Did you know that some of your previous retirement accounts can be rolled over to your Guideline 401(k) through either a direct or an indirect rollover? This article outlines the differences between these two methods to help you decide which is best for you.

With a direct rollover, your previous provider distributes your assets by paying them directly into your Guideline 401(k) account. A direct rollover is often preferred as there are no potential taxes with this option. There are also no limits to the number of times you can do a direct rollover during a year. See this article to learn more about rolling over your retirement account to Guideline via a direct rollover.

An alternative method of consolidating your funds into Guideline is via an indirect rollover.

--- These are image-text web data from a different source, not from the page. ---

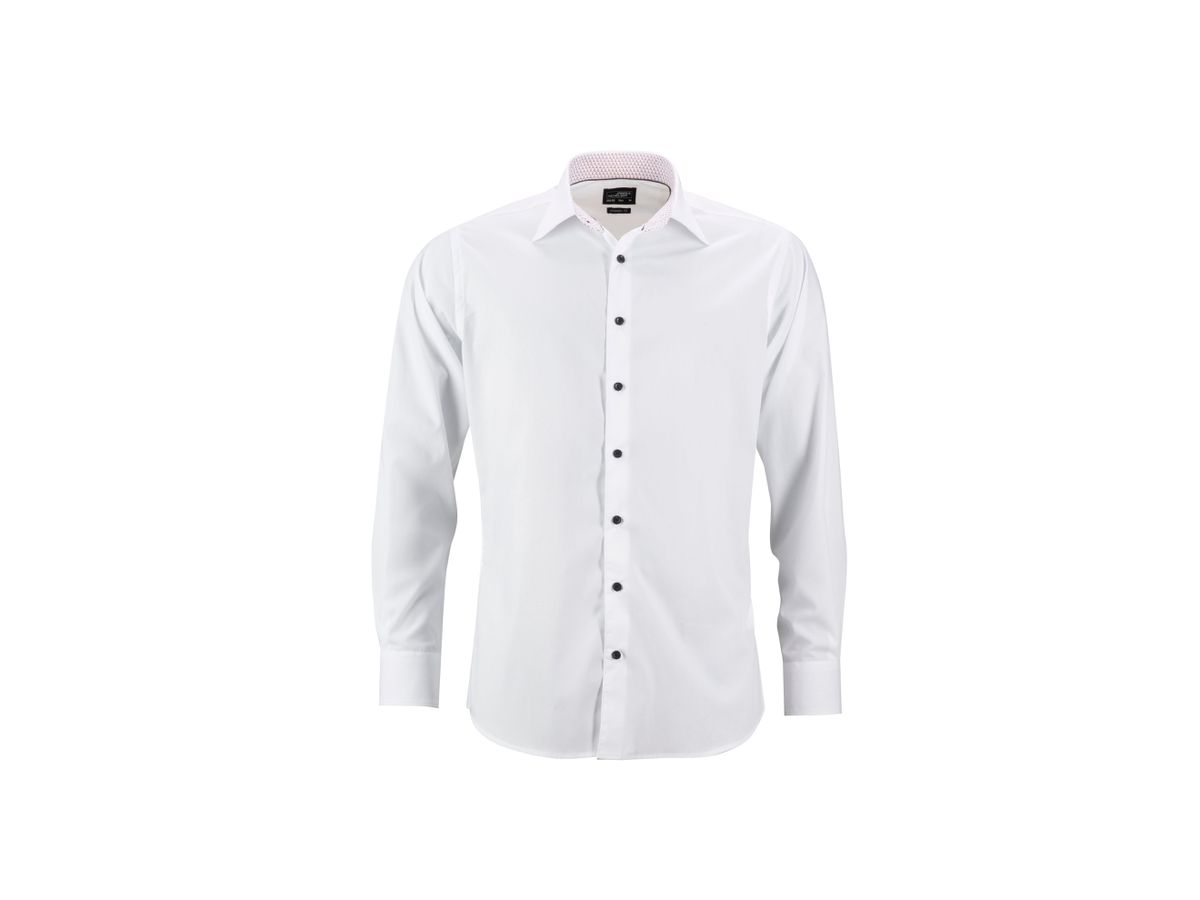 JN Men's Shirt "Plain" JN648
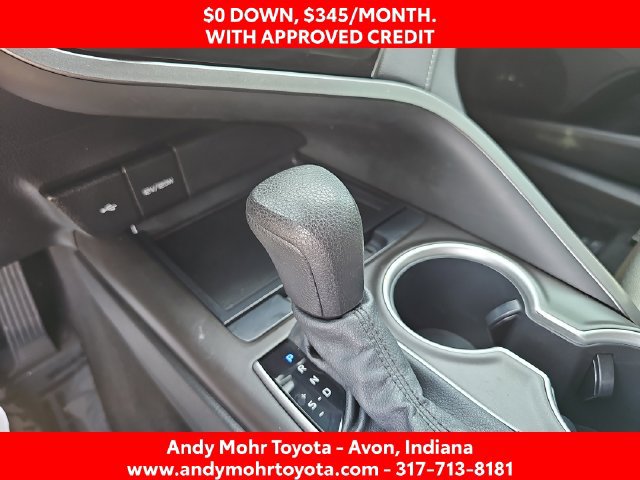 Used 2021 Toyota Camry LE FWD image 24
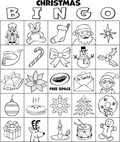 Christmas Bingo Board No.4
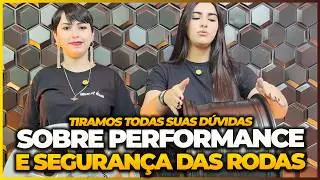 SAIBA AGORA TUDO SOBRE RODAS E O PAPEL DELAS NO SEU CARRO!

With an indirect rollover, your previous custodian sends your assets directly to you. The custodian withholds the 20% mandatory federal taxes and any applicable state taxes from the distribution. You would then be responsible for depositing the entire amount, including any taxes withheld, into your new retirement account at Guideline within 60 days of the distribution date to avoid a taxable event. Additionally, you are only allowed to make an indirect rollover between providers one time per year. If you do miss the 60-day rollover deadline, see our Tax Notice here for more information on options that may be available to you.

Though we don’t recommend an indirect rollover, some people use the 60-day window as a short-term loan of their retirement assets. If the full amount is not deposited to the new custodian within 60 days, however, any amounts not rolled over will be deemed distributed and taxable and may be subject to early withdrawal penalties. The 60-day time frame is strictly enforced so you don’t want to miss it.